• _The task_
Below are some entries. Transcribe the lines from the one holding "garage / box" to the one holding "Красный Тесла Модель", inclusive, but not the pictures among them.
======== Raw data ========
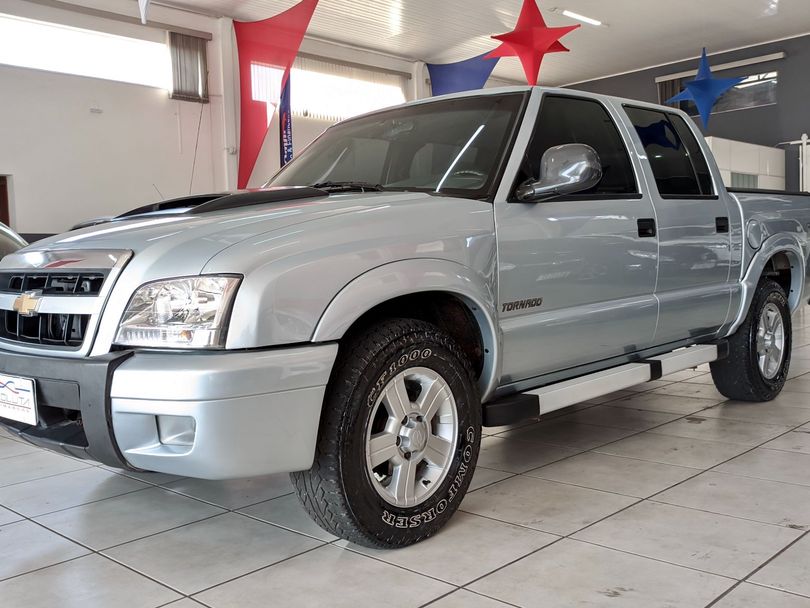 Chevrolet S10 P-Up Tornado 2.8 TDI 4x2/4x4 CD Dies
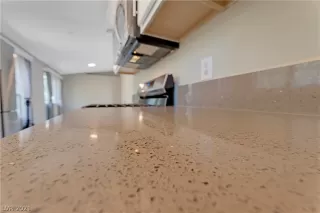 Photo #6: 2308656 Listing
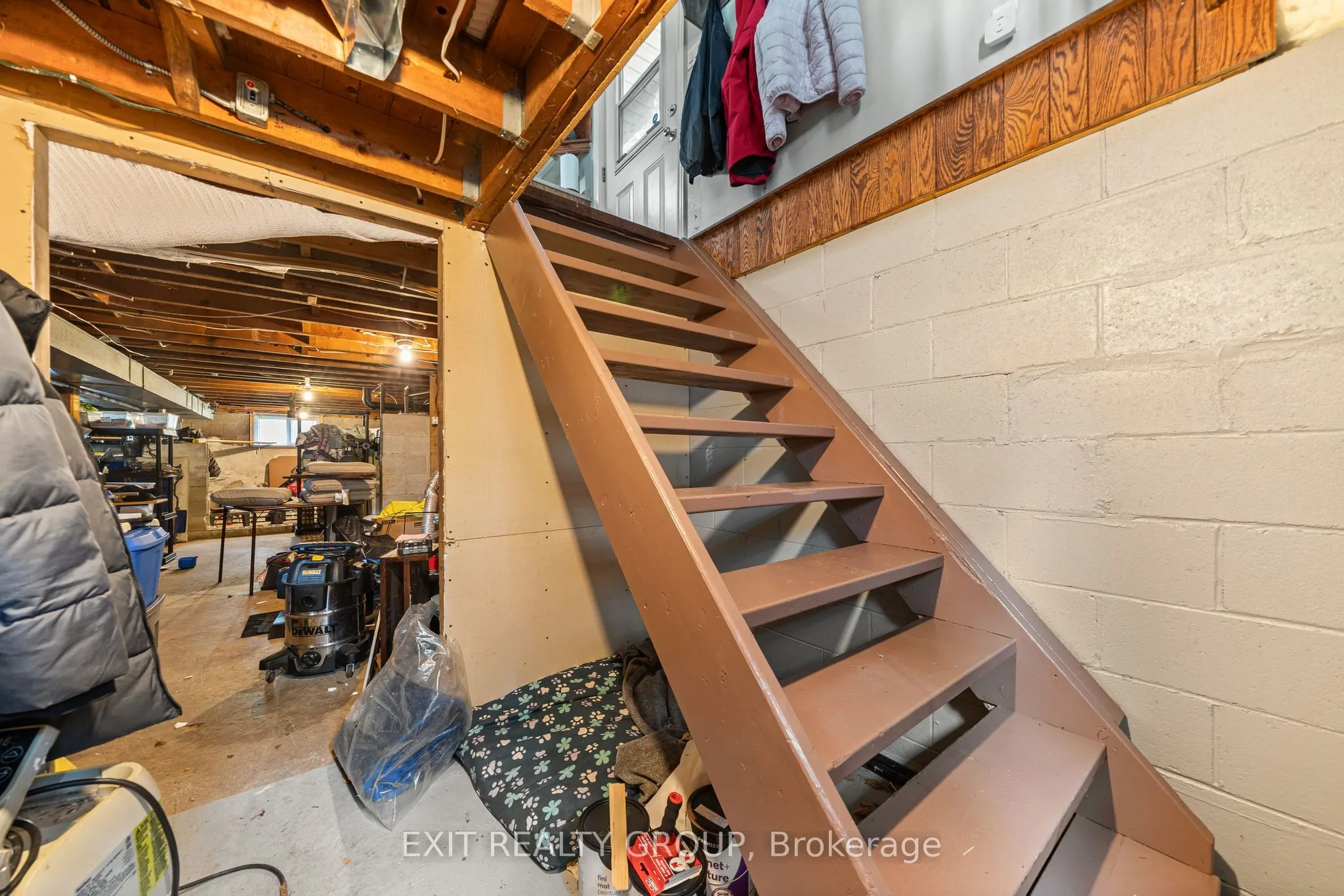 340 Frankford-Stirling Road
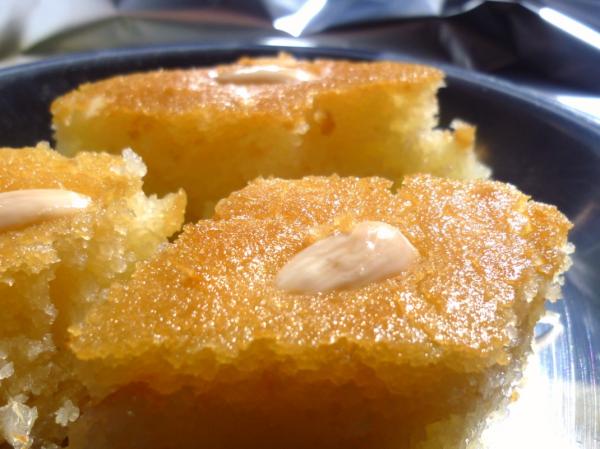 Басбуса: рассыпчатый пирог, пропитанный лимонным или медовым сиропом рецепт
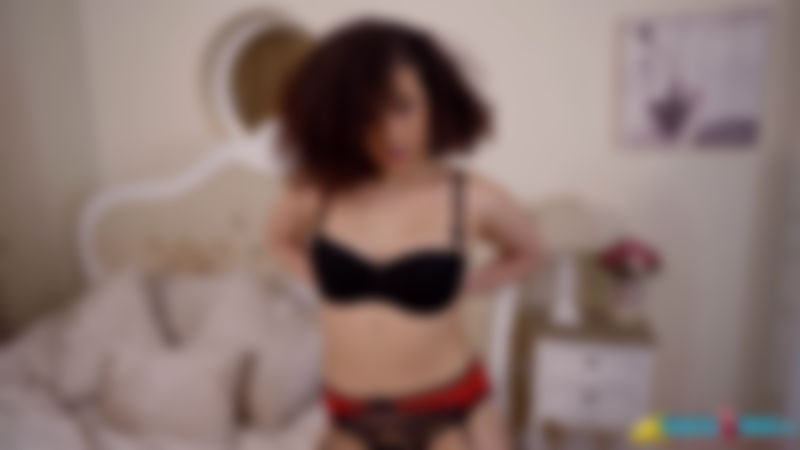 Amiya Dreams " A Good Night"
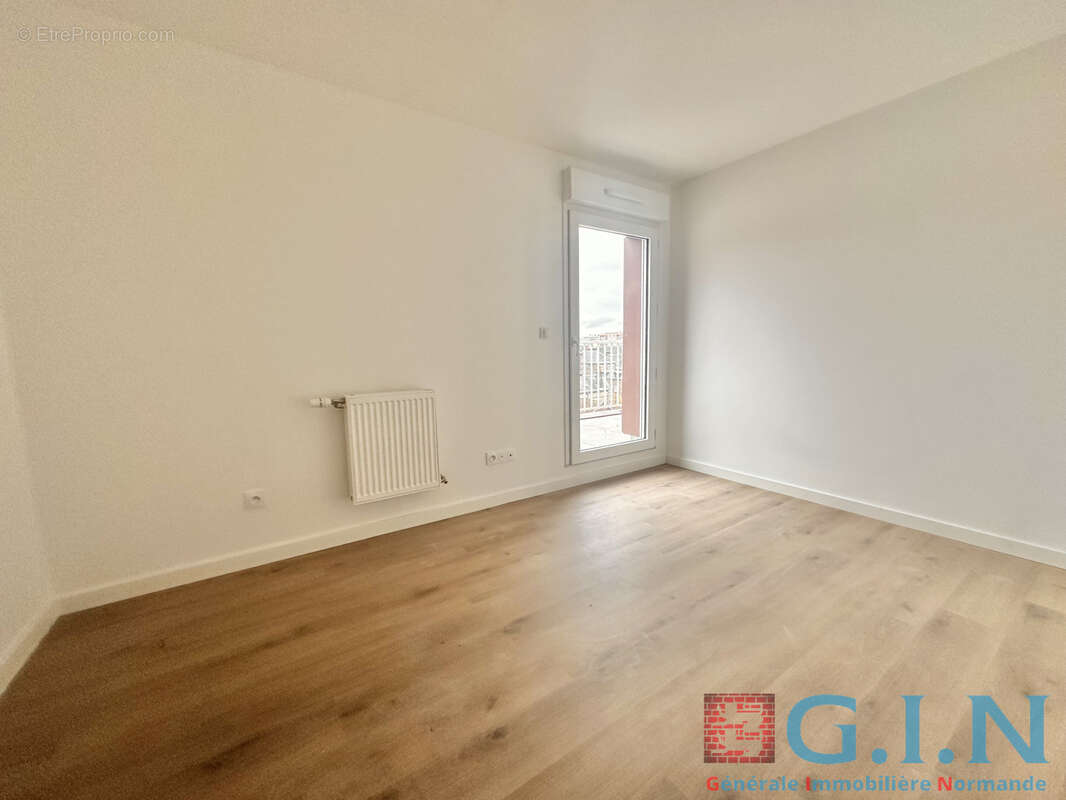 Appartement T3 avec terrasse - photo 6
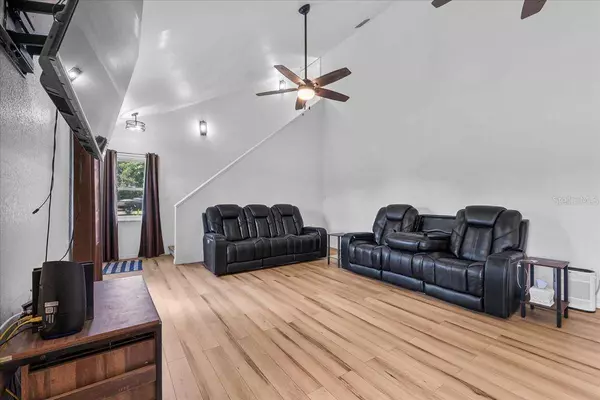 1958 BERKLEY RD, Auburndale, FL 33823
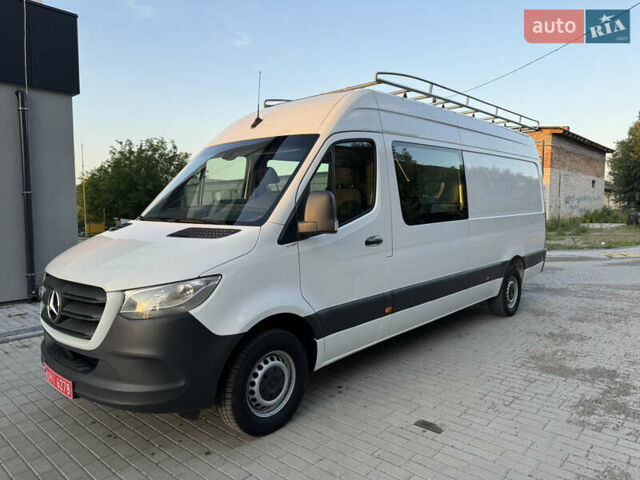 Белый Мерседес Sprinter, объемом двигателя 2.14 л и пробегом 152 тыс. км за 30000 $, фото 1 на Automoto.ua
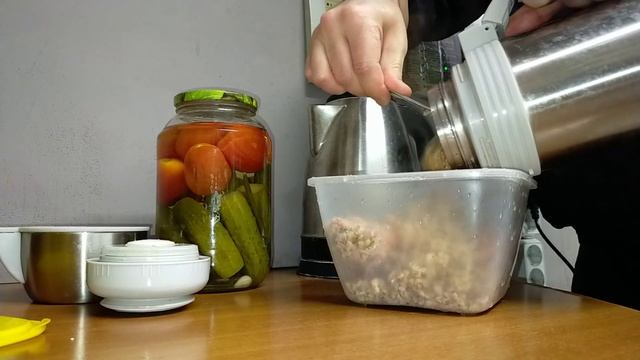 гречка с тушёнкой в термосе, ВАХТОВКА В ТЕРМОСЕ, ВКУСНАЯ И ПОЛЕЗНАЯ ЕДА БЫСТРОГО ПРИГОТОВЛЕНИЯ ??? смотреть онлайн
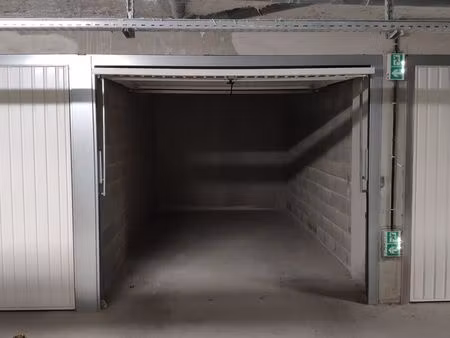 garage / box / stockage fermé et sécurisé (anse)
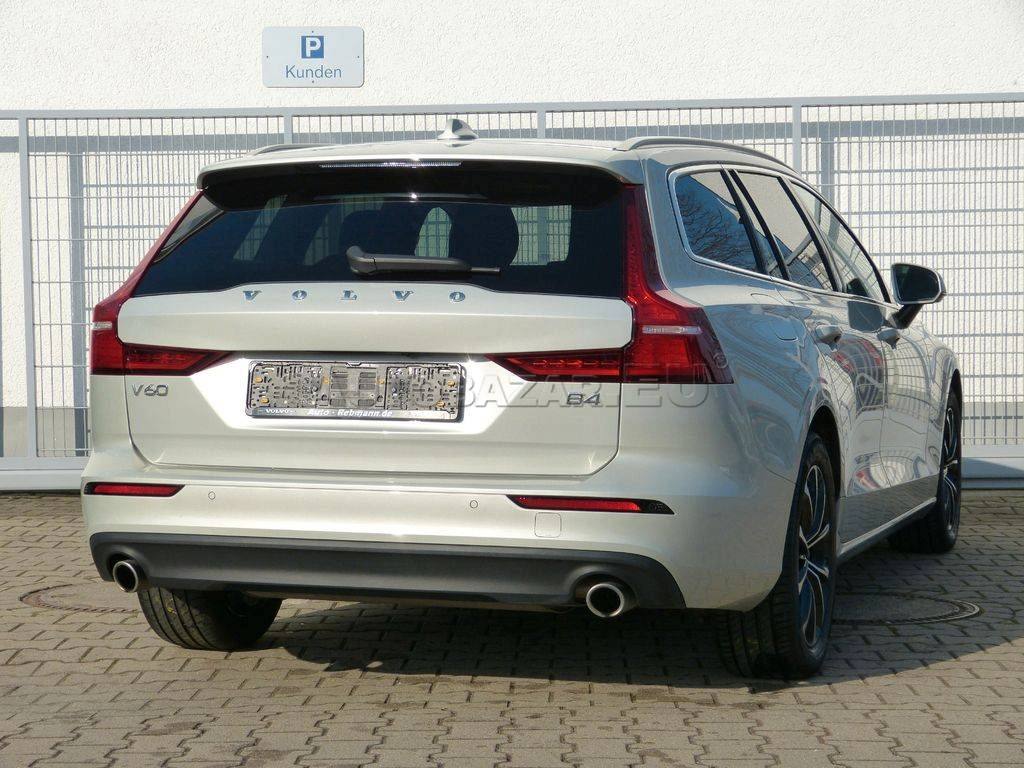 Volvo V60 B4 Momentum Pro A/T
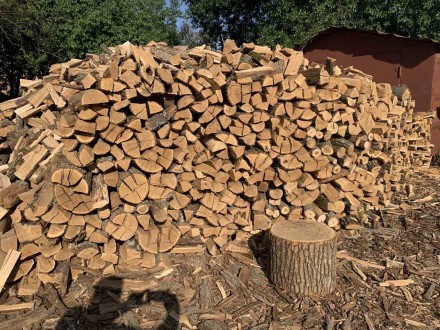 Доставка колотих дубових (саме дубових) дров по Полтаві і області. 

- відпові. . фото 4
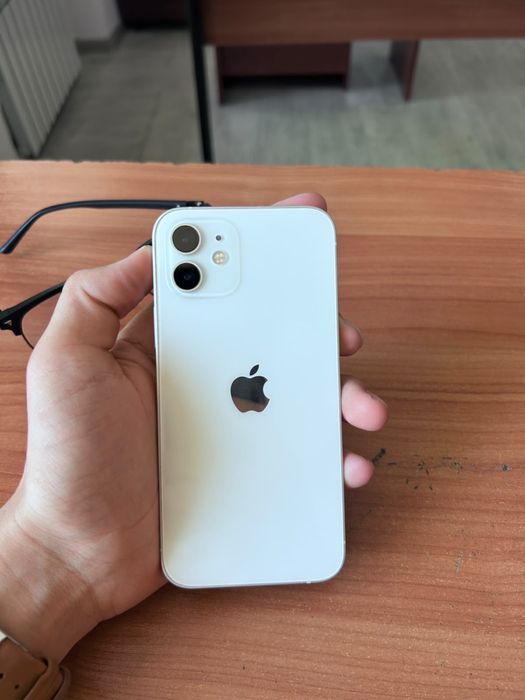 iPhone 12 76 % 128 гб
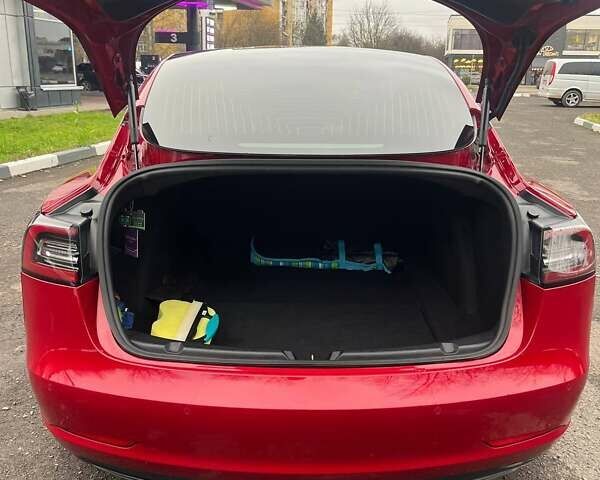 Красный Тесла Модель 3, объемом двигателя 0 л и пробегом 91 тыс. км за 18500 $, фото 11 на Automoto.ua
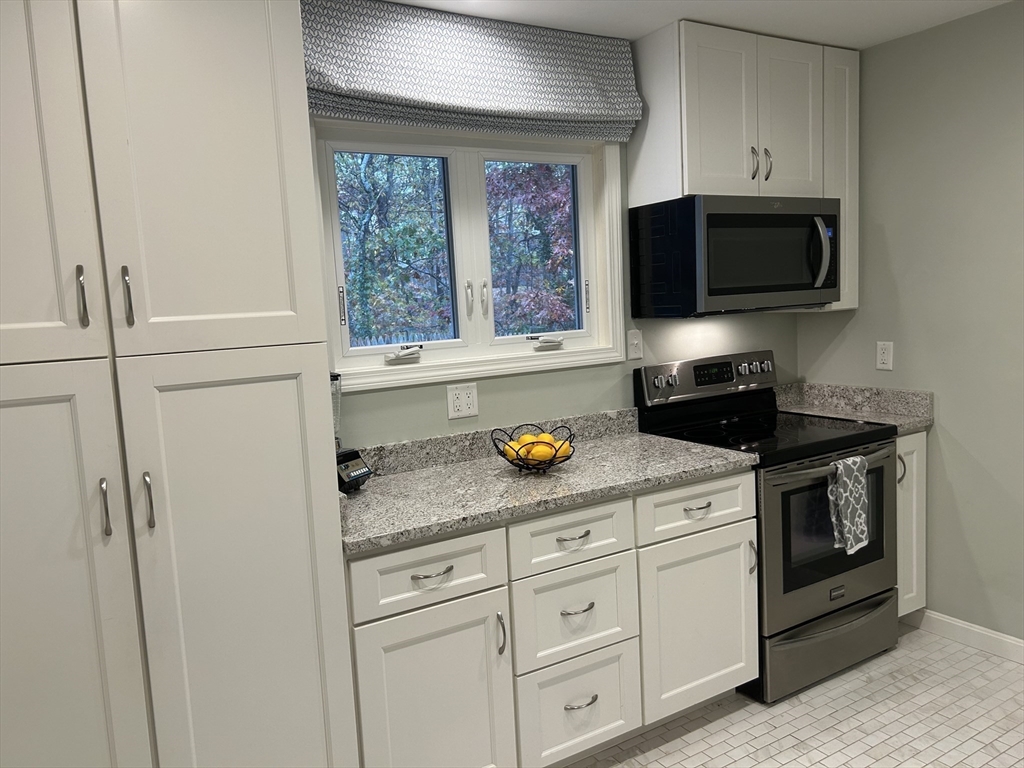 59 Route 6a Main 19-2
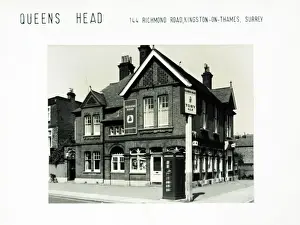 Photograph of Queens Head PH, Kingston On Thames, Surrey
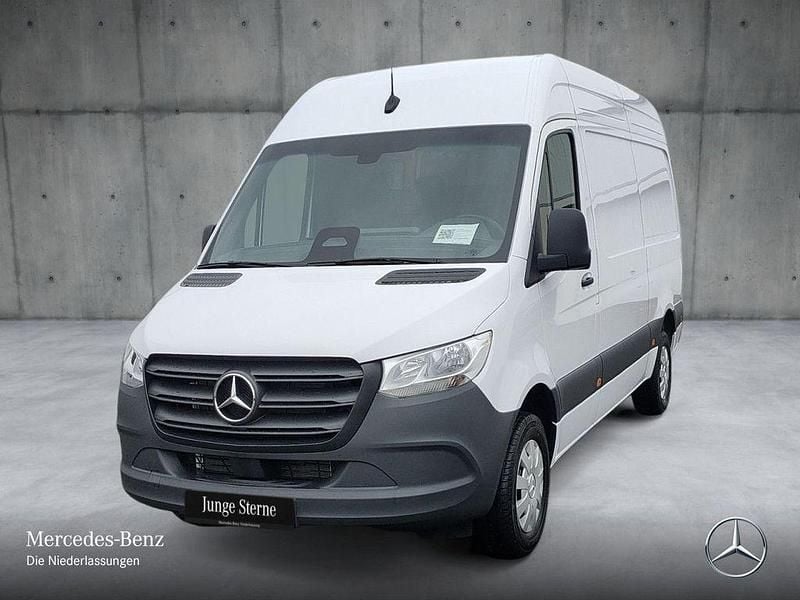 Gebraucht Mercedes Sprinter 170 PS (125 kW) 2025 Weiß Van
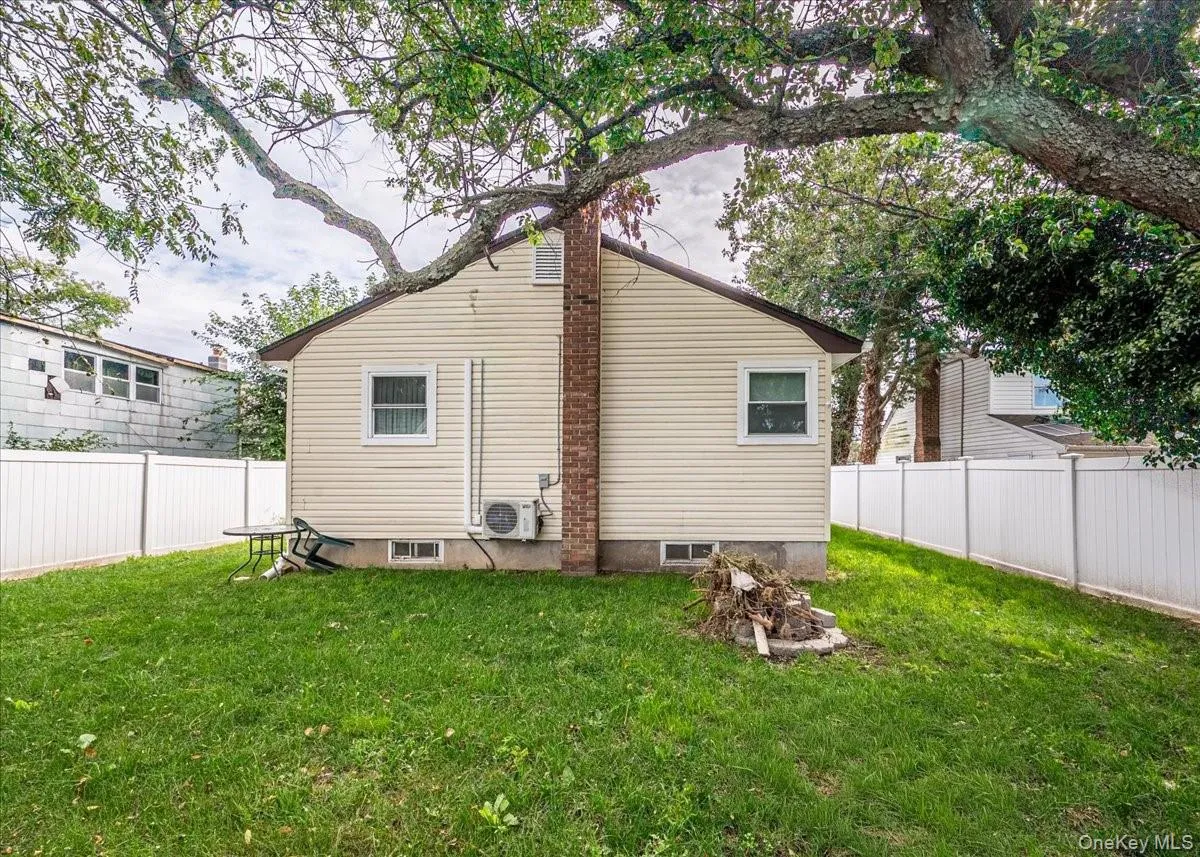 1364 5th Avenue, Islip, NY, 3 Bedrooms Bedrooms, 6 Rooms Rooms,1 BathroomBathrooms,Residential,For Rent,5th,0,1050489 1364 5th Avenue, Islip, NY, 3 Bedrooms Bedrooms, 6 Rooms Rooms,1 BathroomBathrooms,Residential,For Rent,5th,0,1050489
========
• _Solution below_
 garage / box / stockage fermé et sécurisé (anse)
 Volvo V60 B4 Momentum Pro A/T
 Доставка колотих дубових (саме дубових) дров по Полтаві і області. 

- відпові. . фото 4
 iPhone 12 76 % 128 гб
 Красный Тесла Модель 3, объемом двигателя 0 л и пробегом 91 тыс. км за 18500 $, фото 11 на Automoto.ua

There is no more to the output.